Учитель Лейбница вскоре заметил, чем занимается ученик. Не долго думая, он отправился к лицам, которым мальчик был отдан на воспитание, требуя, чтобы они обратили внимание на «неуместные и преждевременные» занятия Лейбница.
«По его словам, – пишет Лейбниц, – эти занятия были только помехой моему учению. Ливии годился, по его мнению, для меня, как котурн для пигмея. Книги, годные для старшего возраста, надо отобрать у мальчика и дать ему Orbis pictus Коменского и маленький катехизис. Без сомнения, он убедил бы моих воспитателей, если бы случайным образом свидетелем этого разговора не оказался один живший по соседству ученый и много путешествовавший дворянин, друг хозяев дома. Пораженный недоброжелательством или, лучше сказать, глупостью учителя, который мерил всех одною мерою, он стал, напротив, доказывать, как было бы нелепо и неуместно, если бы первые проблески развивающегося гения были подавлены суровостью и грубостью учителя. Наоборот, надо всеми средствами благоприятствовать этому мальчику, обещающему нечто необыкновенное. Немедленно попросил он послать за мною, и когда, в ответ на его вопросы, я ответил толково, он до тех пор не отстал от моих родственников, пока не заставил их дать обещание, что меня допустят в библиотеку моего отца, давно находившуюся под замком. Я торжествовал, как если бы нашел клад, потому что сгорал от нетерпения увидеть древних, которых знал только по имени, – Цицерона и Квинтилиана, Сенеку и Плиния, Геродота, Ксенофонта и Платона, писателей Августова века и многих латинских и греческих отцов церкви. Все это я стал читать, смотря по влечению, и наслаждался необычайным разнообразием предметов. Таким образом, не имея еще двенадцати лет, я свободно понимал латынь и начал понимать по-гречески».
Этот рассказ Лейбница тем более ценен, что подтверждается и сторонними свидетельствами, доказывающими, что его выдающиеся способности были замечены и товарищами, и лучшими из преподавателей. Лейбниц особенно дружил в школе с двумя братьями Иттигами, которые были значительно старше его возрастом и считались в числе лучших учеников. Отец их был учителем физики, и Лейбниц любил его больше прочих учителей.
Кроме физики и Ливия, Лейбниц увлекался еще и Вергилием; до глубокой старости он помнил наизусть чуть ли не всю «Энеиду». В старших классах его особенно отличал Яков Томазий, однажды сказавший мальчику, что рано или поздно он приобретет славное имя в ученом мире.
Впоследствии Лейбниц изобразил в довольно поэтической форме свои юношеские стремления, описав себя под именем Пацидия.

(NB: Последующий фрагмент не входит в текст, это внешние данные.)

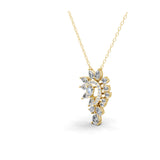 14K Fine Gold Lab Grown Round Pear Diamond Pendant 3.90Ct Necklace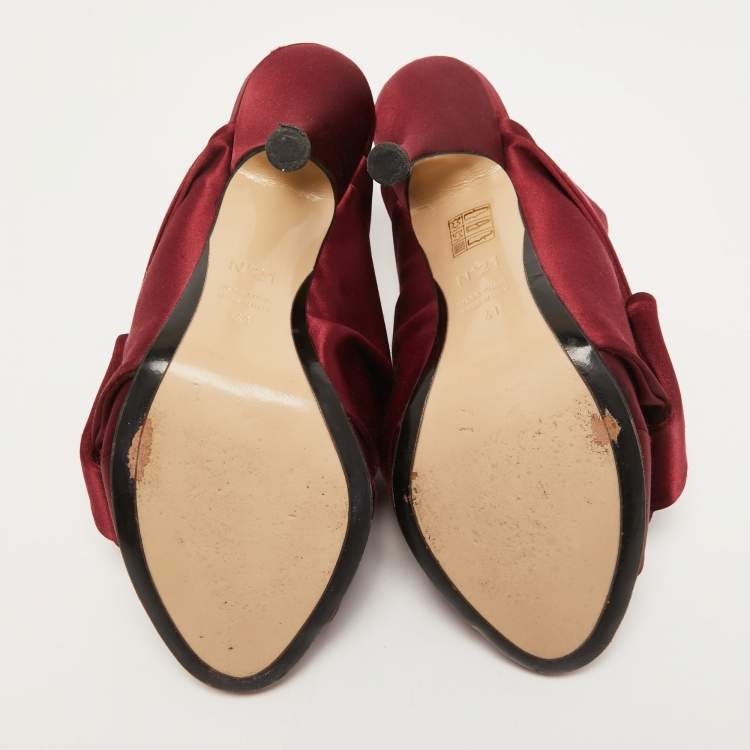 Pre Owned N°21 Burgundy Satin Ronny Pleated Mules Size 41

«Когда Пацидия допустили в библиотеку отца, он взял себе в учителя Провидение. Он слышал внутренний голос, повелевавший ему: tolle lege! (возьми и прочитай). Сама судьба назначила ему остаться без посторонней помощи, без совета, и в его возрасте ему осталось руководствоваться лишь собственной смелостью. По воле случая он прежде всего занялся древними… и подобно тому, как люди, часто бывающие под лучами солнца, загорают помимо своей воли, так и он приобрел известного рода окраску не только в выражениях, но и в образе мыслей. Когда он позднее принялся за новейших писателей, ему стало тошно от их книг, заполонивших в то время книжные лавки, от этих мешков, набитых пустотою или бестолковою смесью чужих мыслей, без привлекательности, без силы и полноты, без всякой живой пользы. Можно было подумать, что все это написано для какого-то иного мира, который эти авторы называли то своею республикой, то своим Парнасом. Когда он снова думал о древних, с их мужественными, полными силы мыслями, объединяющими всю жизнь человеческую как бы на одной картине, с их естественною, ясною, текучею, приспособленною к содержанию формой, – различие оказывалось огромным! Оно было так велико, что Пацидий с той поры поставил себе двумя основными правилами: искать в словах и выражениях ясности, в вещах – пользы. Позднее он узнал, что ясность есть основа всякого суждения, а польза – основа всякого открытия, и что большинство людей заблуждаются именно потому, что слова их неясны, а опыты бесцельны. Вооруженный такими началами, он казался своим сверстникам по школе каким-то чудом».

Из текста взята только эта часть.